**EXERCISE BRIEF**
Your answer must be the exact lines from the one holding "35FT Water Fed" through the last line of the records below, with no pictures.

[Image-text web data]
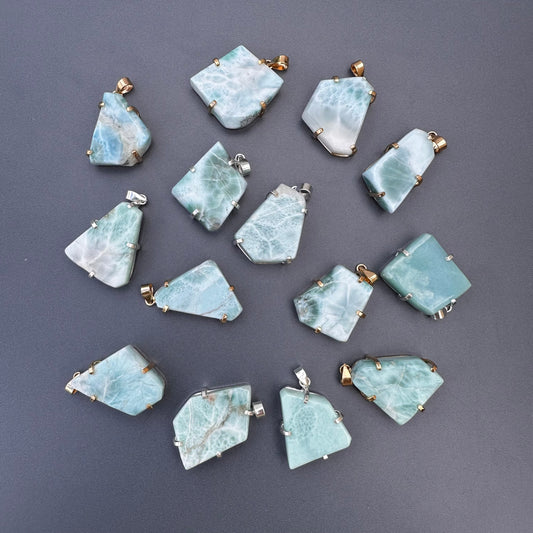 Larimar freeform pendant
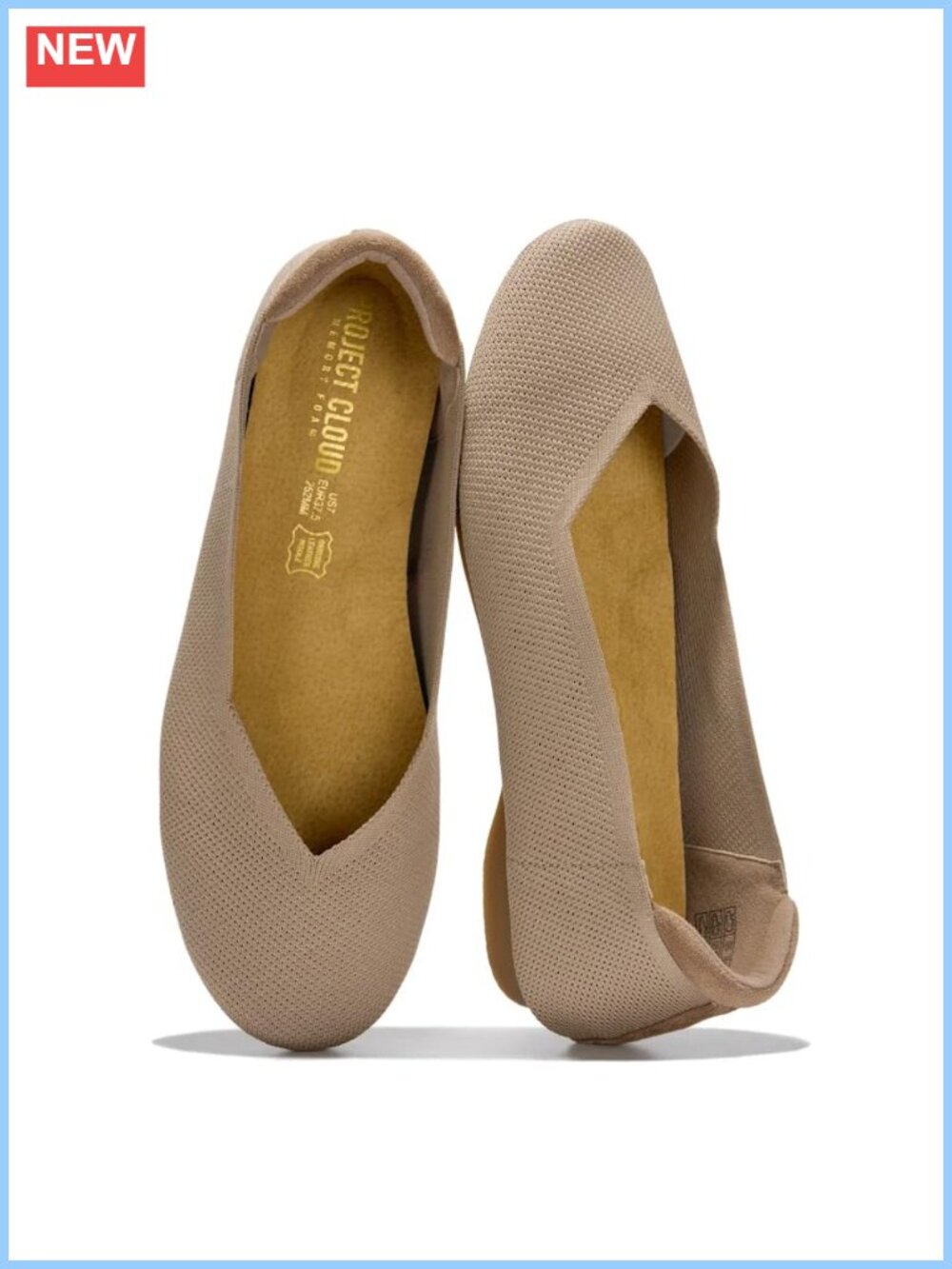 Women's Lightweight Ballet Flats Memory Foam Slip On Comfort Shoes
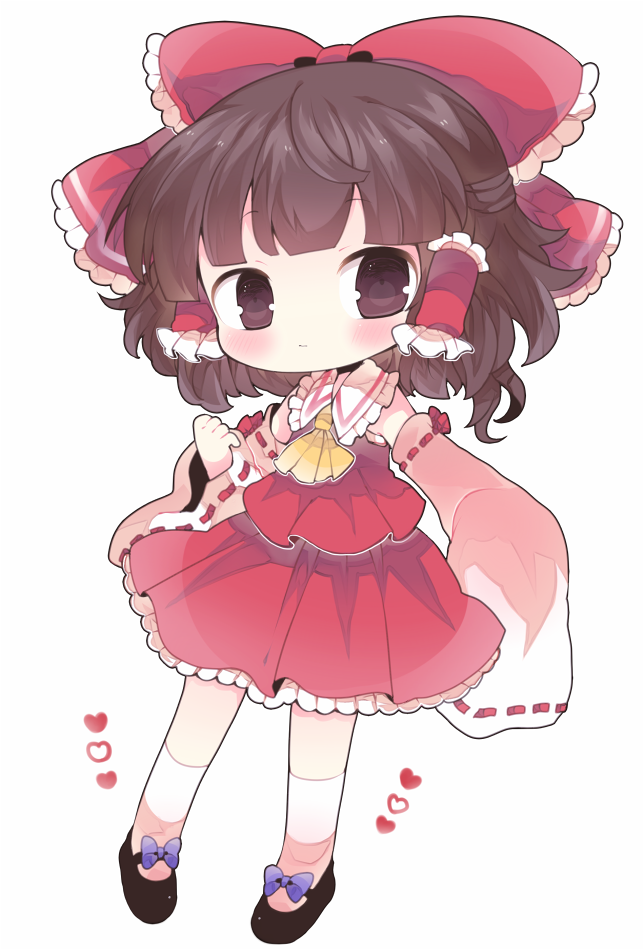 1girl, blush, bow, brown_eyes, brown_hair, chibi, female_focus, footwear_bow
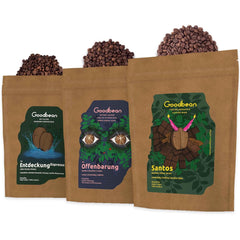 Set de degustare cafea - Espresso - Clasic | 3 tipuri diferite de prăjire espresso | 2 x 100% Arabica - 1 x 70% Arabica/30% Robusta | Set de degustare perfect pentru aparatele portafiltru | Boabe întregi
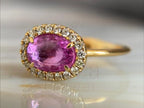 Pink Sapphire Eternity Band - Yellow Gold Diamond Halo Ring | Briza Jewel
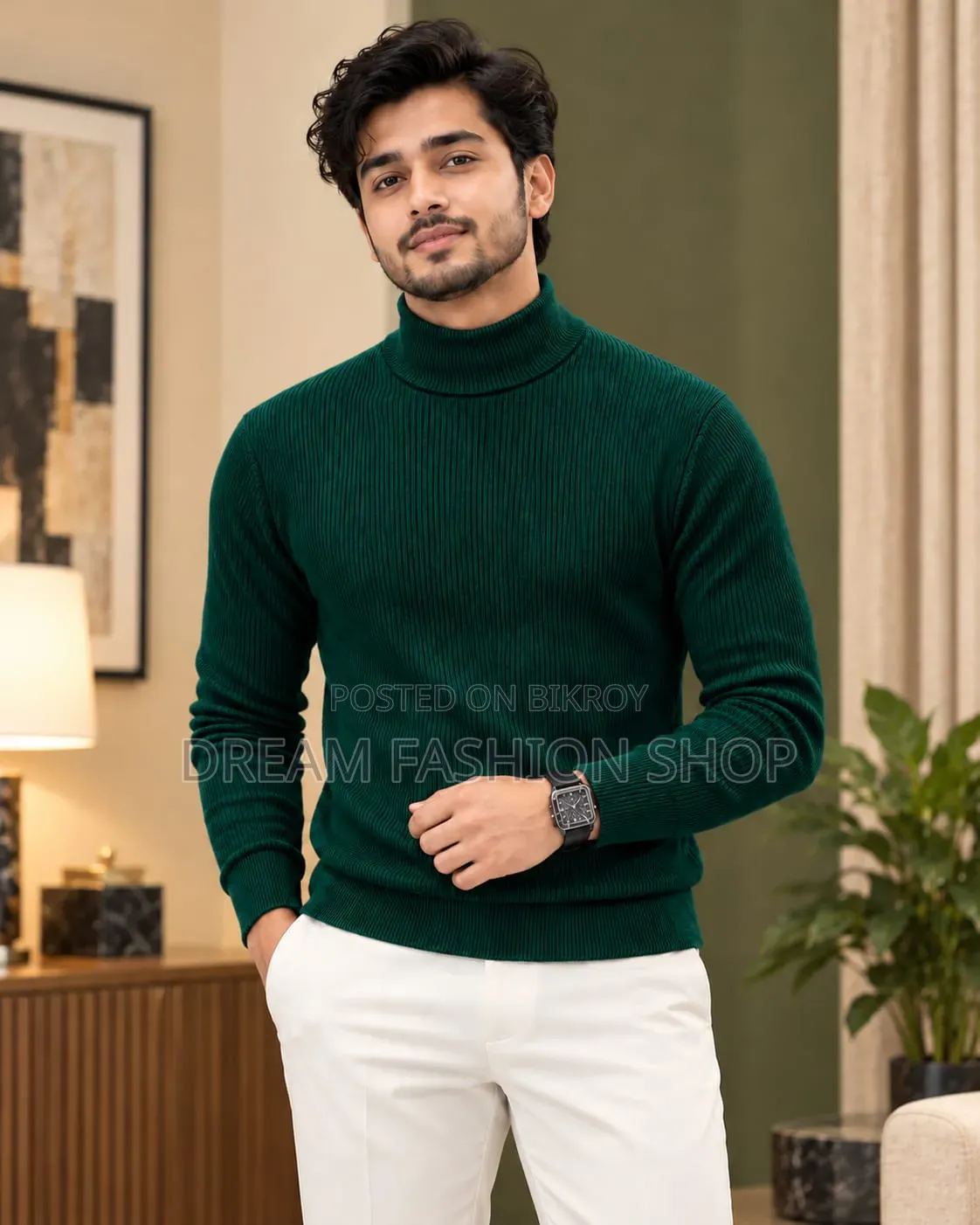 Premium Ribbed High Neck Sweater
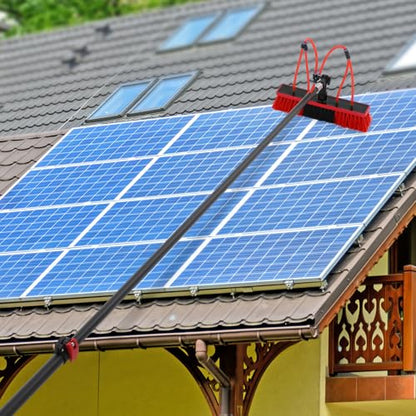35FT Water Fed Pole Kit Adjustable Solar Panel Cleaning Kit with Telescopic Pole & Rotatable Brush for Window Glass Roof Outdoor Cleaning Equipment - size: 35.43FT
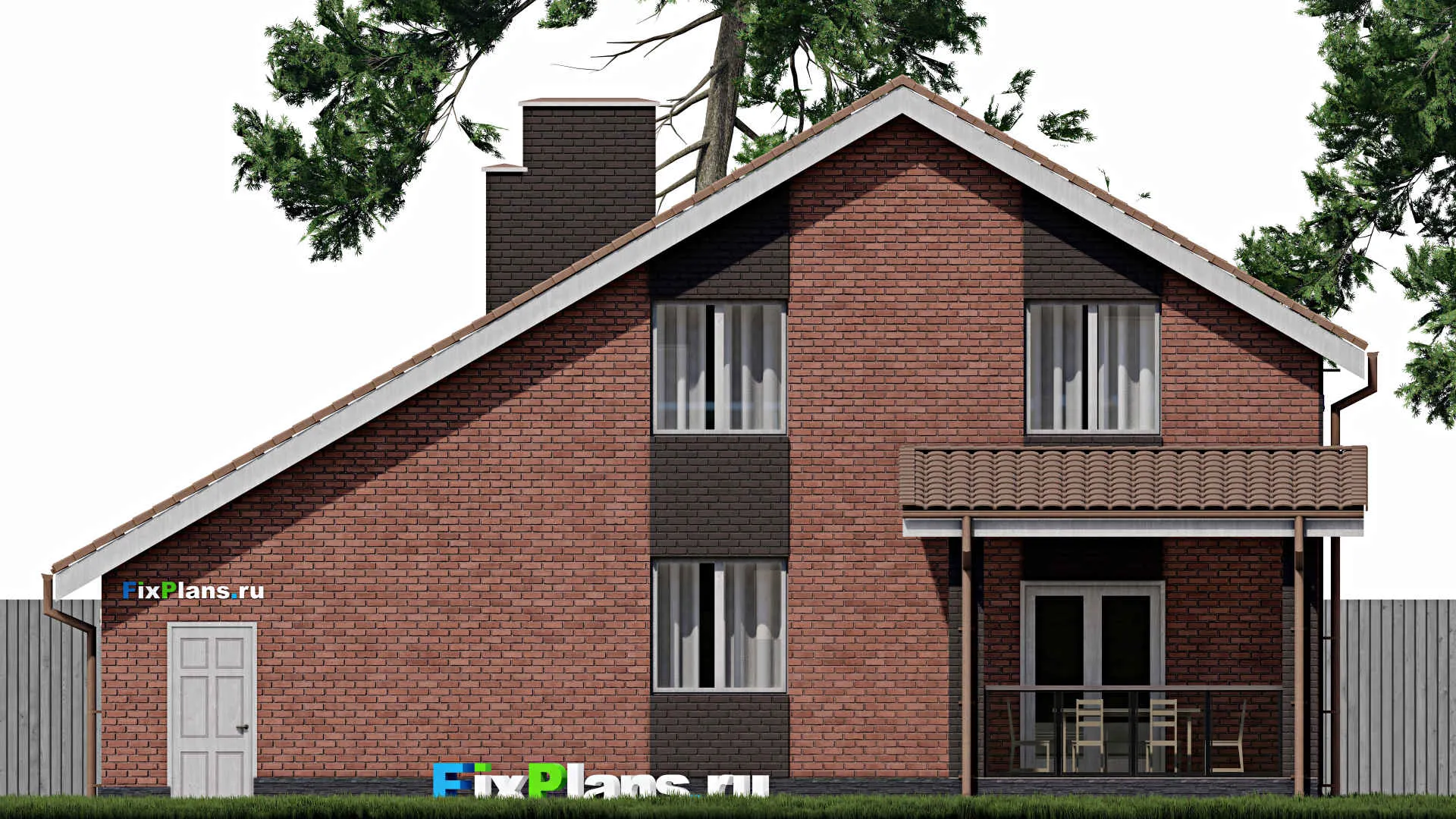 F-0323 - Планы дома с мансардой 11 на 14, площадью 180 м² с террасой, балконом, гаражом на 1 машину и 4 спальнями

**WRITTEN RESPONSE**
35FT Water Fed Pole Kit Adjustable Solar Panel Cleaning Kit with Telescopic Pole & Rotatable Brush for Window Glass Roof Outdoor Cleaning Equipment - size: 35.43FT
 F-0323 - Планы дома с мансардой 11 на 14, площадью 180 м² с террасой, балконом, гаражом на 1 машину и 4 спальнями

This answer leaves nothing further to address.